Appetite for economic gain not a natural force

August 26, 2012 | categories: Politics, Economy | View Comments

While reading Erich Fromm's Escape From Freedom, I came across this passage from English economic historian R. H. Tawney's book Religion and the Rise of Capitalism, which elaborates the medieval view on economic activities:

Material riches are necessary; they have secondary importance, since without them men cannot support themselves and help one another [...] But economic motives are suspect. Because they are powerful appetites, men fear them, but they are not mean enough to applaud them [...] There is no place in medieval theory for economic activity which is not related to a moral end, and to found a science of society upon the assumption that the appetite for economic gain is a constant and measurable force, to be accepted like other natural forces, as an inevitable and self-evident datum, would have appeared to the medieval thinker as hardly less irrational and less immoral than to make the premise of social philosophy the unrestrained operation of such necessary human attributes as pugnacity and the sexual instinct [...] Riches, as St. Antonio says, exist for man, not man for riches [...] At every turn therefore, there are limits, restrictions, warnings against allowing economic interests to interfere with serious affairs. It is right for a man to seek such wealth as is necessary for a livelihood in his station. To seek more is not enterprise, but avarice, and avarice is a deadly sin. Trade is legitimate; the different resources of different countries show that it was intended by Providence. But it is a dangerous business. A man must be sure that he carries it on for the public benefit, and that the profits which he takes are no more than the wages of his labour. Private property is a necessary institution, at least in a fallen world; men work more and dispute less when goods are private than when they are common. But it is to be tolerated as a concession to human frailty, not applauded as desirable in itself; the ideal—if only man's nature could rise to it—is communism. "Communis enim," wrote Gratian in his decretum, "usus omnium quae sunt in hoc mundo, omnibus hominibus esse debuit." [1] At best, indeed, the estate is somewhat encumbered. It must be legitimately acquired. It must be in the largest possible number of hands. It must provide for the support of the poor. Its use must as far as practicable be common. Its owners must be ready to share it with those who need, even if they are not in actual destitution.

(My emphasis)

According to Tawney, the basic medieval assumptions concerning economic life were two: "That economic interests are subordinate to the real business of life, which is salvation, and that economic conduct is one aspect of personal conduct, upon which as on other parts of it, the rules of morality are binding."
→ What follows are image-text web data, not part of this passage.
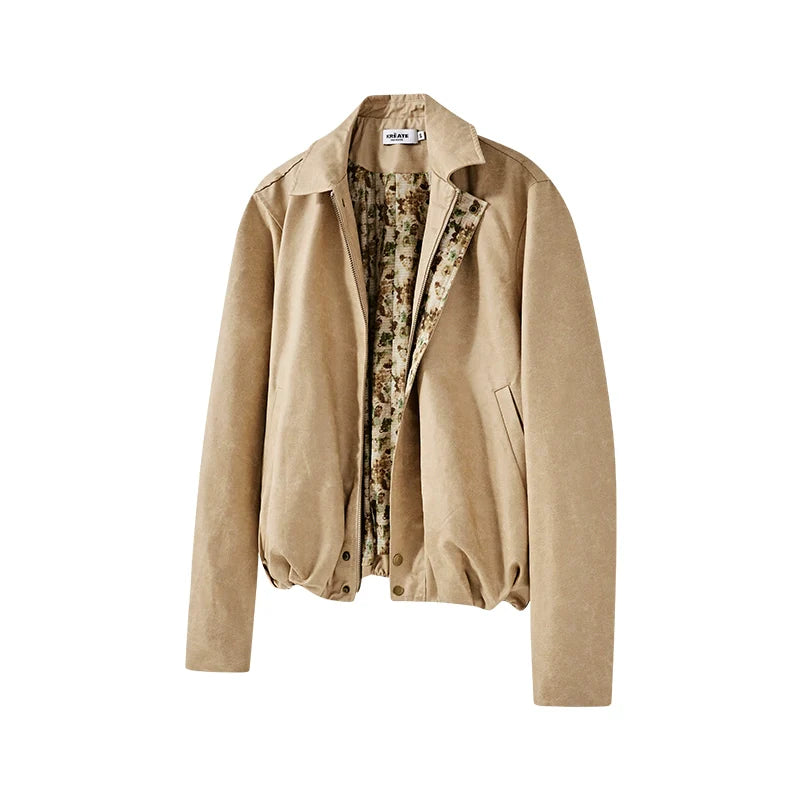 KREATE Contrasting Vintage Suede Jacket
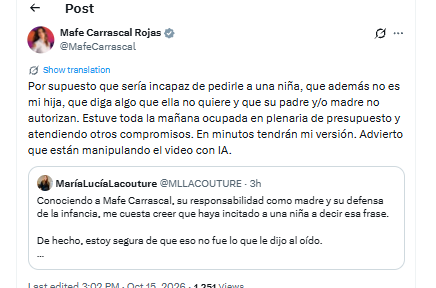 Este fue el primer mensaje de Mafe Carrascal, tras el episodio con una menor de edad - crédito @MafeCarrascal/X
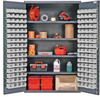 Bin Cabinet, Steel, 84Bins, Clear, 400Lb; No. Of Bins Quantum Storage - 42AC5927 - Newark, An Avnet Company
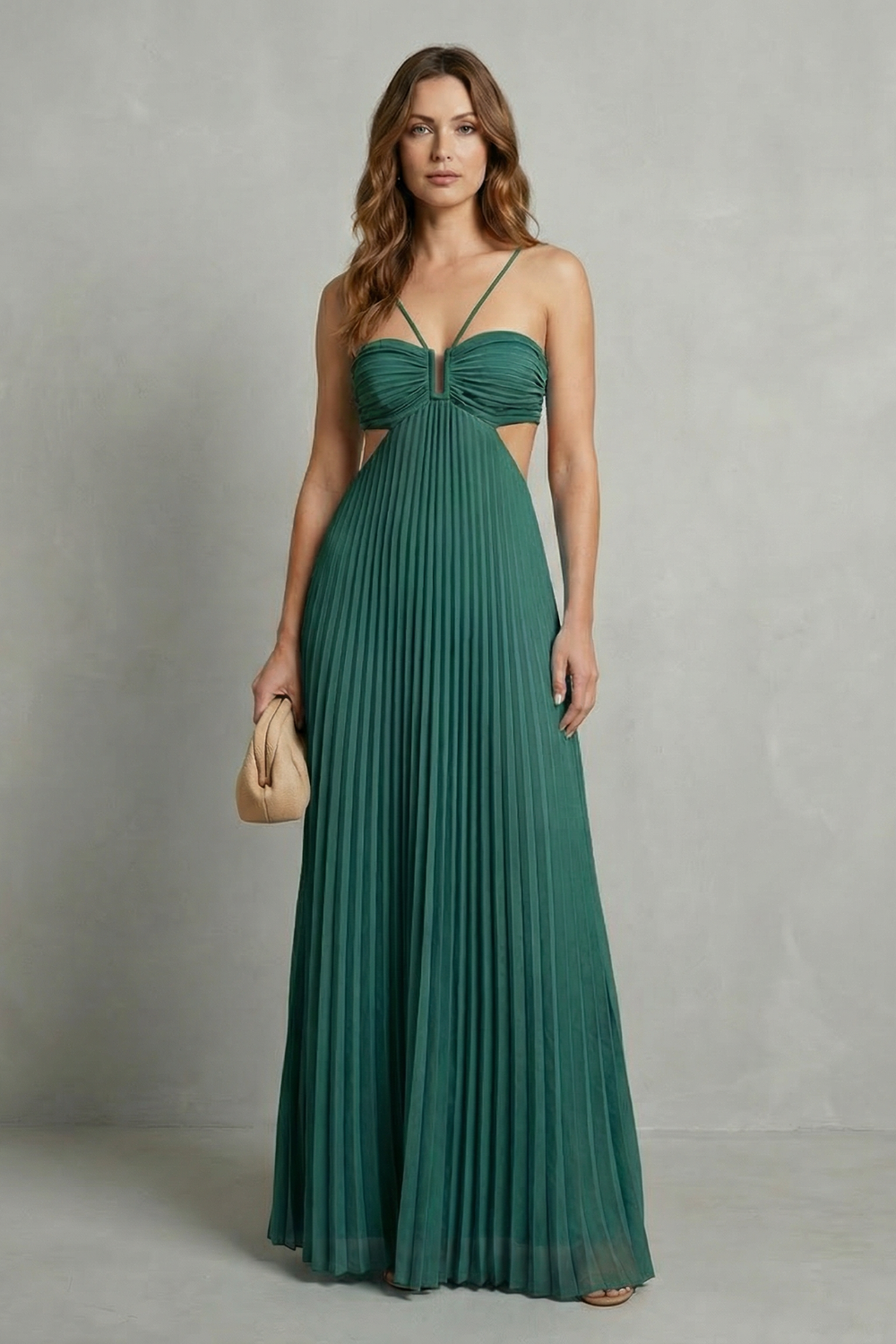 Pleated Halter Elegance Maxi Dress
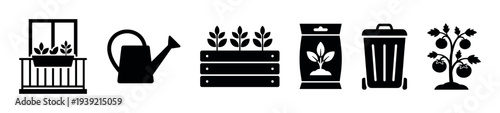Set of black silhouette style icons for urban gardening including a balcony planter, watering can, seedlings, soil bag, compost bin, and a tomato plant in a minimalist design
Today, it seems that people often assume that the free market is a natural force and that other apects of human life, out of necessity, have to be subordinate to it. It turns out that in the Middle Ages, the opposite was expressed in the doctrines of the Catholic Church, and in secular law.

To constantly portray the capitalist market as a natural force, as the corporate media does, is to help sustain these avaricious economic interests that threaten to destroy our planet, and that are a direct cause of immense human suffering around the world.

[1]This should translate to something like: "Common to all humans should be the use of things found on Earth."